Cheval owned a small white house on about a quarter acre of land In the town of Hauterives. In 1879 at the age of 43, Cheval decided to make his dream a reality and build his Le Palais Idéal or Ideal Palace on his land.

Without architectural training or engineering experience and with a meager salary, Cheval began fulfilling his fantasy.

Le Palais Idéal

Every day after his postal duties were done Cheval would gather up colorful stones and sea shells he found along the road. His favorite spot was along the river where he found brilliant red stones. At first he would stuff his finds into his pockets. As the hauls grew larger, Cheval, using a wheelbarrow carted what he found back home, many times traveling six or more miles.

Le Palais Idéal 1905

Any extra franc that Cheval saved went towards cement, lime and mortar. Acting as his own laborer, carter, mason and architect, Cheval spent most of his free time building his palace. Cheval said, “All my ideas come to me in dreams, and these strange dreams kept me continual at work.”
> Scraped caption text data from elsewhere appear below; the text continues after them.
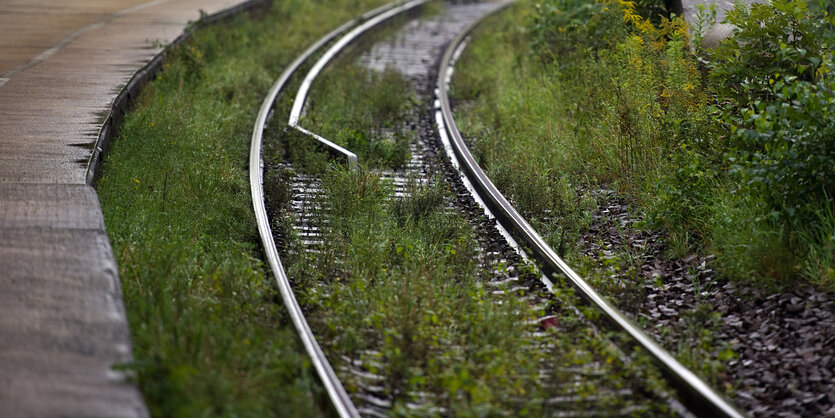 Gras und Unkraut zwischen Schienen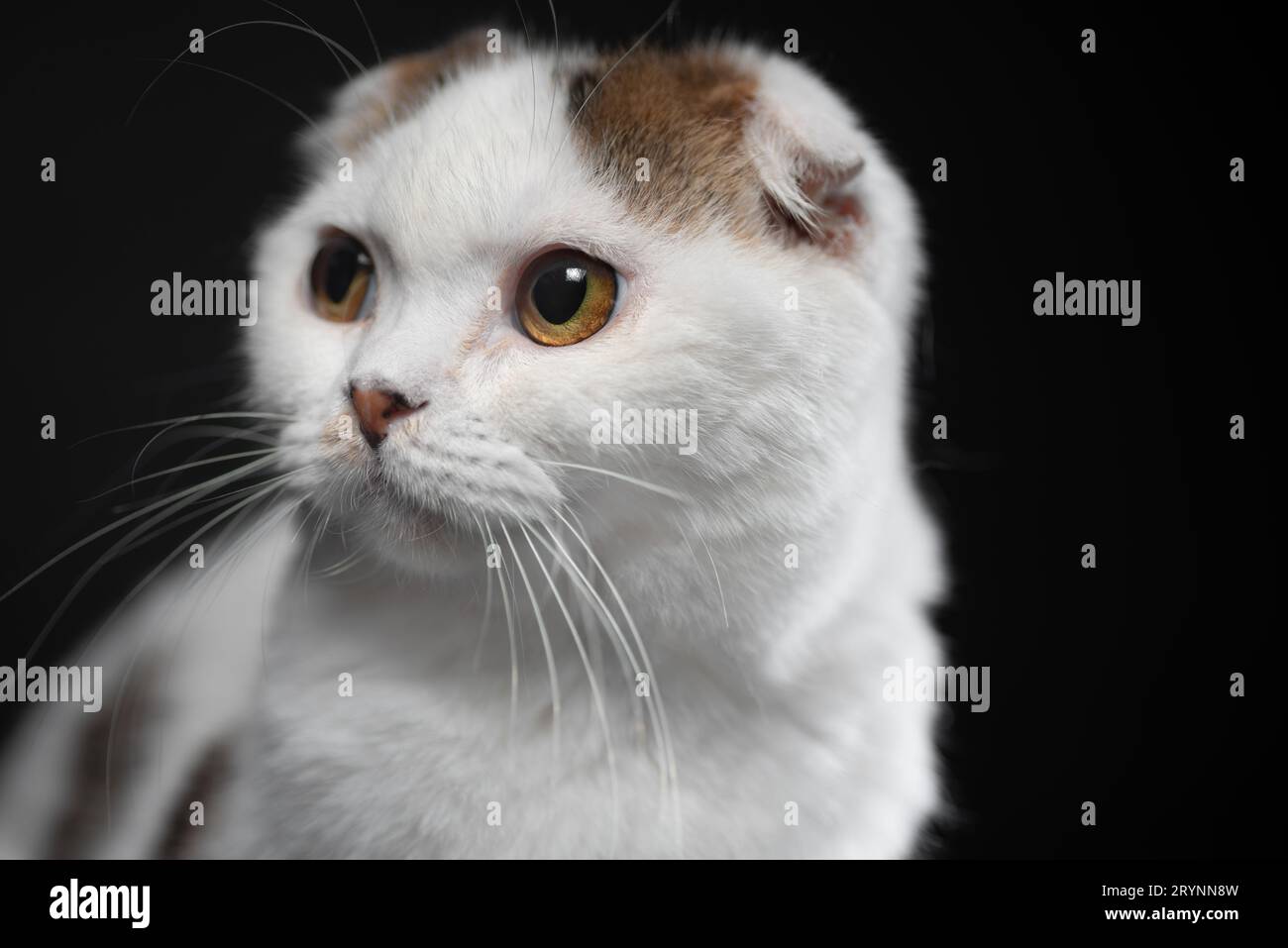 Il gatto scozzese è bianco con macchie di colore sedute su uno sfondo nero Foto Stock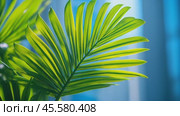 Palm leaf against backdrop of modern skyscrapers under bright blue sky, blending tropical nature with urban architecture. Ideal for promoting luxury travel, city escapes, or tropical urban living. Стоковое AI-видео, аниматор Ирина Михайличенко / Фотобанк Лори
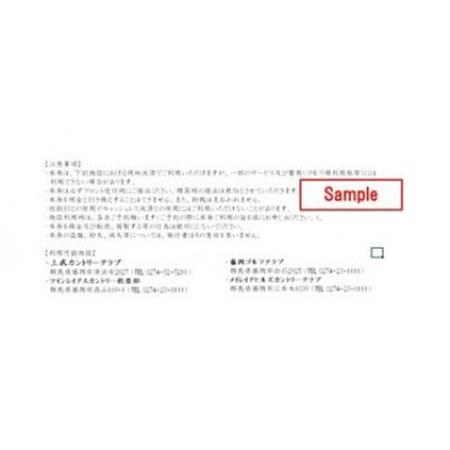 市内ゴルフプレー割引券 5枚_旅行券・チケット ゴルフプレー券 体験チケット _【1391683】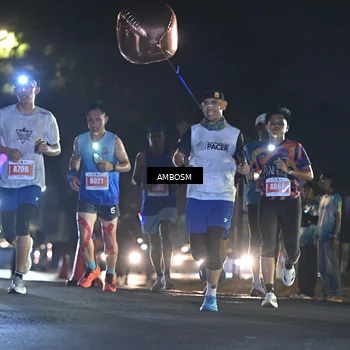Runner Photo 4342293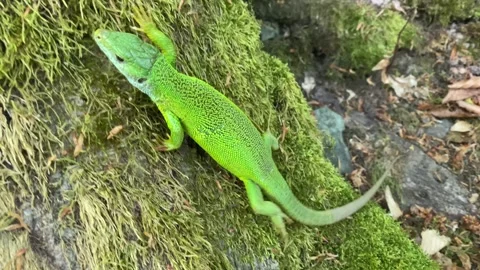 Gravid Green Lizard Climbing onto Moss Stock Footage 337987662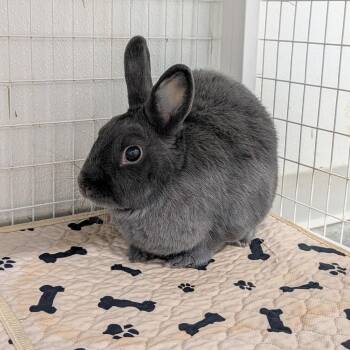 Blu -  Netherland Dwarf Rabbit for Adoption in Clearwater, Florida - Blu | PetCurious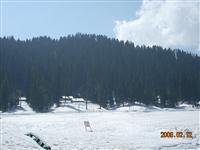 Glimpses Of Kashmir Tour Package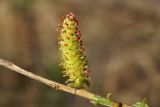 Salix pierotii. Часть побега с мужской сережккой и распускающимися листьями. Приморский край, Партизанский р-н, падь Елизарова. 29.04.2014.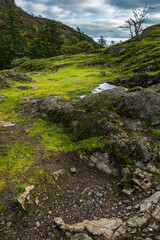 Wall Mural - summit of a small hill covered with green moss under the overcast cloudy sky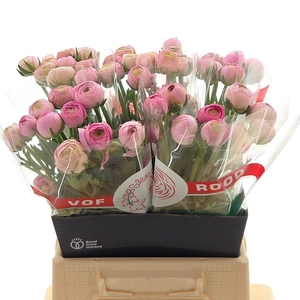 Ran Aazur Light Pink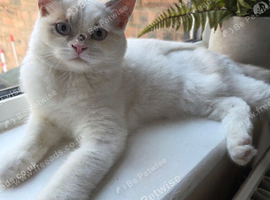 Persian x ragdoll female kitten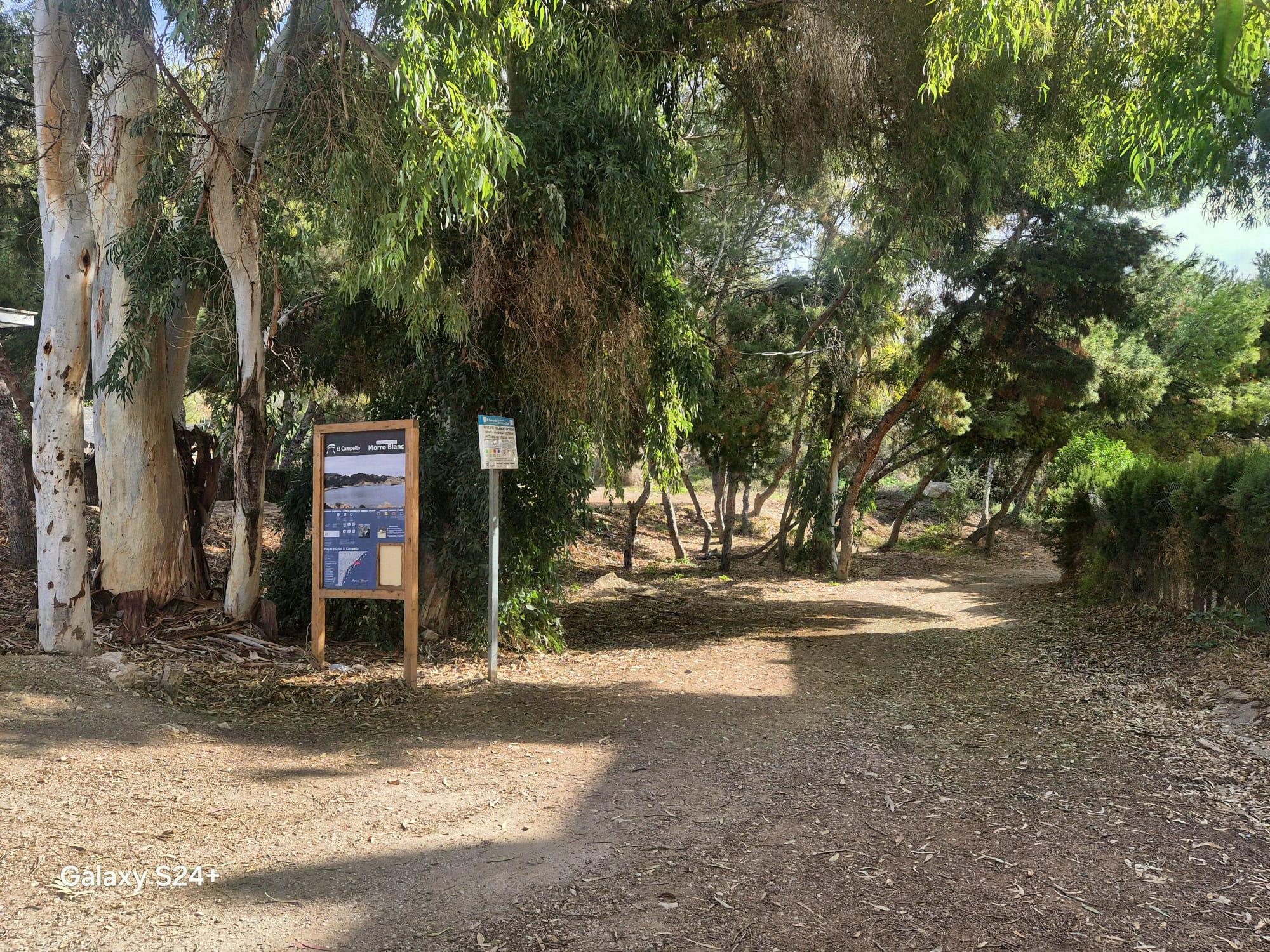 Imagen 31 Casa Aislada en venta en Campello El / A 200 metros de la cala Morro blanc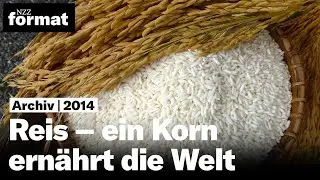 Reis – ein Korn ernährt die Welt (2014)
Over 26 years later in 1905, Cheval thought after finishing the east facade, that the palace was complete. The structure took 65,000 hours of labor over the course of 9,000 days. Cheval reported he spent the equivalent of about $1,000 USD towards the palace’s construction.
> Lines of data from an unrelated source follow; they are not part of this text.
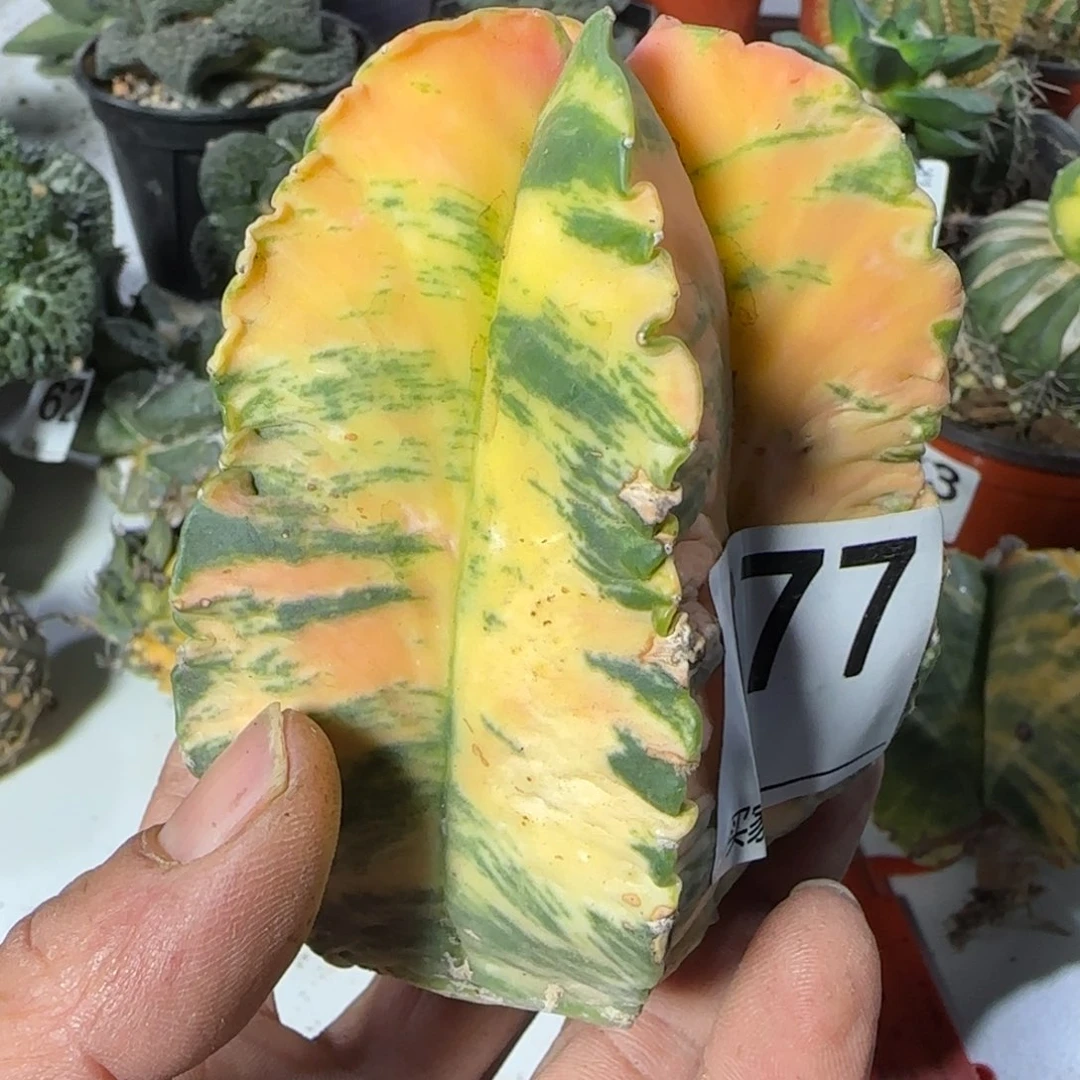 【闪购商品】永***人锦677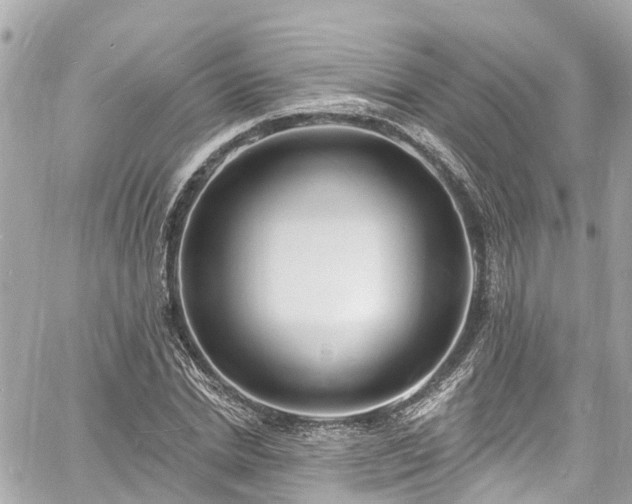 X0000060810830200511141504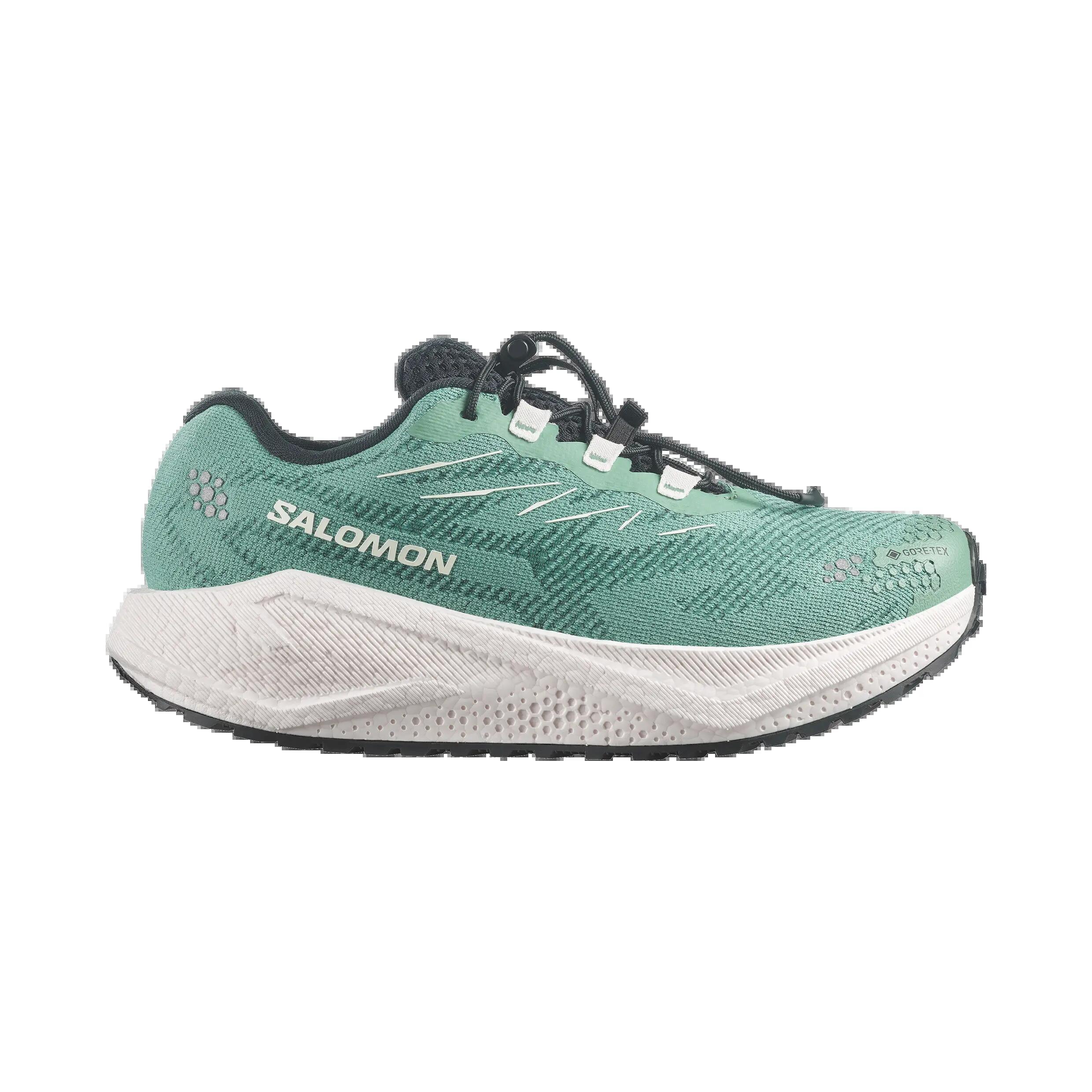 SALOMON picture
Le Palais Ideal photo via trip advisor.com user sugarmountain2016

Unfinished

But it was not complete. For the next seven years Cheval proceeded to build a west facade and construct a corridor connecting the two facades, bringing the total amount of work to more than 10,000 days.

The architectural style is a bit of everything incorporating Roman pillars, mosque and Christian symbolism, a bit of Swiss chalet, Algerian, Egyptian, Oriental, and Hindu influence. There’s even a tower resembling a feudal castle. There are ornamental windows, arches and doorways throughout.

Measuring 85 feet by 45 feet at one end and 33 feet at the other, and with an average height of 25 feet and topping out at 45 feet, the palace is stunning. There are hand-carvings of quotes that Cheval put throughout the palace such as, “If you look for gold you will find it in elbow grease.”

Cheval did not live in Le Palais Idéal, but in his house directly behind it. He told a reporter from Strand Magzine in 1906, “It was not my original intention to make the palace a dwelling place for myself.  I only wished to show what might be accomplished by hard work and perserverance.”

Le Palais Idéal became a tourist attraction while Cheval was still alive. On average between 50 to 100 people would visit per day and sign a guest book.

A Video of Le Palais idéal

 

Cheval proudly told a Washington Post reporter in 1912, “I have bullt my own tomb in the center of the building. And the sarcophagus is considered perhaps the most remarkable feature of the entire work.  It is elaborately carved.”

Cheval mausoleum photo via Tripadvsor.com user zuzu04

Cheval mausoleum photo via Tripadvsor.com user diavic80

But French law forbid his entombment within the palace.

So, Cheval then spent eight more years constructing a tomb in the local cemetery for him and his wife. Ferdinand Cheval died on August 19, 1924 at the age of 88 and was interred with his second wife Claire-Philomène Richaud (1838-1914) in the mausoleum of his own making.

 

Made a French Cultural Landmark in 1969, Le Palais Idéal remains a whimsical and joyous site today.